A few months ago, I had the opportunity to view a few scenes from a new show on National Geographic called Hostile Planet (Mondays, 9 PM/8 CT). Being an avid nature enthusiast, I was thrilled to spend some time with God’s creation since I don’t get outdoors as much I would like. However, I found myself cringing quite a bit as I watched. Perhaps it’s because I have an idyllic view of how nature works. Yes, I’m sure it can get rough from time to time, but do baby birds really have to suffer the consequences of learning to fly in the form of smashing their heads repeatedly against the side of a mountain as gravity takes them hundreds of feet to the ground? Somehow, I found myself intrigued, in a macabre sort of way.
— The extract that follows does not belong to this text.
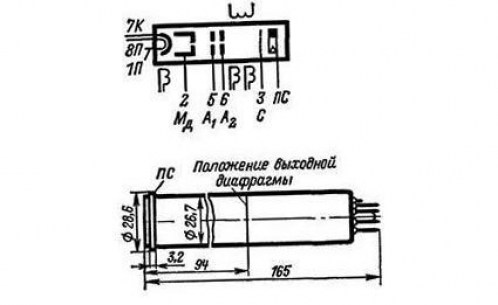 ЛИ421-1 видиконы  даташит схема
The first episode aired on April Fools’ Day and did not bring the baby birds I remembered. Instead, it focused on the polar regions of our planet and provided an air of familiarity in the form of penguins, seals, and bears with white fur. I found myself transported to a winter wonderland where the narrator was describing behavioral patterns of artic wolves. But the voice of David Attenborough’s was not there, replaced with that of outdoor enthusiast Bear Grylls instead. Grylls made a few brief appearances in the episode, then got out of the way to let the animals and cinematography do the talking.
We’ve been trained to know that life in the Artic is brutal and that only a few animals can survive the harsh conditions. Those are put on display as male penguins stay alive while keeping an egg warm enough to hatch, then giving it enough food so that the two don’t starve to death. This has been seen multiple times on nature documentaries. The hostility is upped a notch when leopard seals decide to have a feeding frenzy and a baby penguin gets to fight for its life on a submerging ice floe. It’s pretty harrowing to watch. Artic wolves struggle to survive, but when they need to eat, they can group together and take down a baby musk ox. When its mother stays behind to watch her offspring die, she suffers the same fate. Is there blood? Yup.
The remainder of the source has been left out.